GPU memory allocation and deallocation speed

Hi, all:

I’m using PGI visual profiler to profile my application on tesla K40 GPU on windows 10. My code is compiled with PGI fortran compiler 19.0 community version. Please see the attached image of the screen captured from the PGI visual profiler. To my surprise, the GPU memory allocation and deallocation takes about one third time of the total running time of the application. I have several questions:

  1. In general how fast is GPU memory allocation and deallocation ?
  2. Are all dynamically allocated variables automatically initialized to zero?
  3. If memory allocation and deallocation is slow, how can I overlap these operations with other computing operations?
  4. It is strange that I don’t deallocate any memory in the beginning part of myapplication, why are there still two long cudaFree calls?

Thanks in advance.

John

Hi John,

In general how fast is GPU memory allocation and deallocation ?

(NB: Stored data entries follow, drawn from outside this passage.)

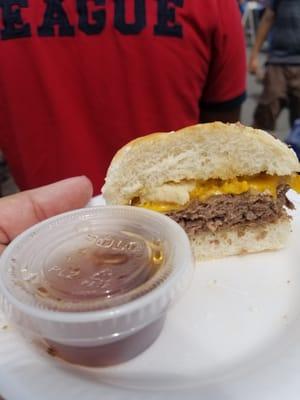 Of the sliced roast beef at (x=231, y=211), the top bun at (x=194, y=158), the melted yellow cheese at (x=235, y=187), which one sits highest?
the top bun at (x=194, y=158)

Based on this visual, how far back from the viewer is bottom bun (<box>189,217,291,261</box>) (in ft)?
4.94

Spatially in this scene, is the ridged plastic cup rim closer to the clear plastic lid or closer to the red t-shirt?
the clear plastic lid

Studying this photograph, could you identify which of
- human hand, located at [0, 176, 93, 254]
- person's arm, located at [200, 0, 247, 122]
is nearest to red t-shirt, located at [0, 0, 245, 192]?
person's arm, located at [200, 0, 247, 122]

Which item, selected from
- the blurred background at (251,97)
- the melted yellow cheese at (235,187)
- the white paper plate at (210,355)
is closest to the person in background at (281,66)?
the blurred background at (251,97)

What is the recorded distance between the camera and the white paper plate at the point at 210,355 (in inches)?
37.6

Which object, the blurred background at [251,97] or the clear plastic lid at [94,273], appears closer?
the clear plastic lid at [94,273]

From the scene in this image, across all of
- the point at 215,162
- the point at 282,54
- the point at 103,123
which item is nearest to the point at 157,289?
the point at 215,162

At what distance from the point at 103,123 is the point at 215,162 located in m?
0.81

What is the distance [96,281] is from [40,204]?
23.0 inches

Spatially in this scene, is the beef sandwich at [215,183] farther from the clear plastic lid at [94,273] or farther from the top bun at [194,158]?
the clear plastic lid at [94,273]

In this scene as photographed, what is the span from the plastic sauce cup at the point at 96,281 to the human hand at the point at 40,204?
0.88ft

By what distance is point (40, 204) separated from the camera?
5.00 ft

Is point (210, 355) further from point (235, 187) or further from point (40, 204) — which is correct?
point (40, 204)

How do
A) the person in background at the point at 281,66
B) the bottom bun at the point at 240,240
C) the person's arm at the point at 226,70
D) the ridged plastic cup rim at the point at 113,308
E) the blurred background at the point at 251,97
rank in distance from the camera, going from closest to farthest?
the ridged plastic cup rim at the point at 113,308, the bottom bun at the point at 240,240, the person's arm at the point at 226,70, the person in background at the point at 281,66, the blurred background at the point at 251,97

In general, it shouldn’t take a significant amount of time, at least no longer than calling malloc. Though it’s been many years since I used a K40, so I don’t remember offhand if the long cudeFree time should be expected of not

Are all dynamically allocated variables automatically initialized to zero?

No. Though if using OpenACC, you can set the environment variable “PGI_ACC_FILL=1” and the compiler will initialze allocated variable to zero or whatever the user defines with “PGI_ACC_FILL_VALUE=”.

If memory allocation and deallocation is slow, how can I overlap these operations with other computing operations?

cudaMalloc/cudaFree are blocking calls, though memcpy calls do have asynchronous versions.

It is strange that I don’t deallocate any memory in the beginning part of myapplication, why are there still two long cudaFree calls?

Agreed, it is strange. Though without further details about your code, I can’t really offer any ideas as to why they’re there. Do you have reproducing example?

Hi, Mat:

Thanks for your prompt reply. I allocated all arrays with cuda fortran allocate statement, not with OpenACC create clause. Does the PGI_ACC_FILL=1 work in this case? If not, what could be set to automatically initialize the arrays to zero?

It’s too bad to know that the cudaMalloc and cudaFree are blocking calls. That means I have to find creative ways to hide/minimize the GPU memory allocation and deallocation.

Another weird thing I noticed is that the deallocation of all arrays at the end of my application doesn’t show any significant time.

Thanks,

John

No, but it’s easy to use array syntax to initialize the array just after you allocate, i.e. “dArr=0.0”. I would assert that explicitly initializing arrays is a better programming practice, rather than relying on compiler extensions and features. Things like “PGI_ACC_FILL” are really only useful for debugging anyway.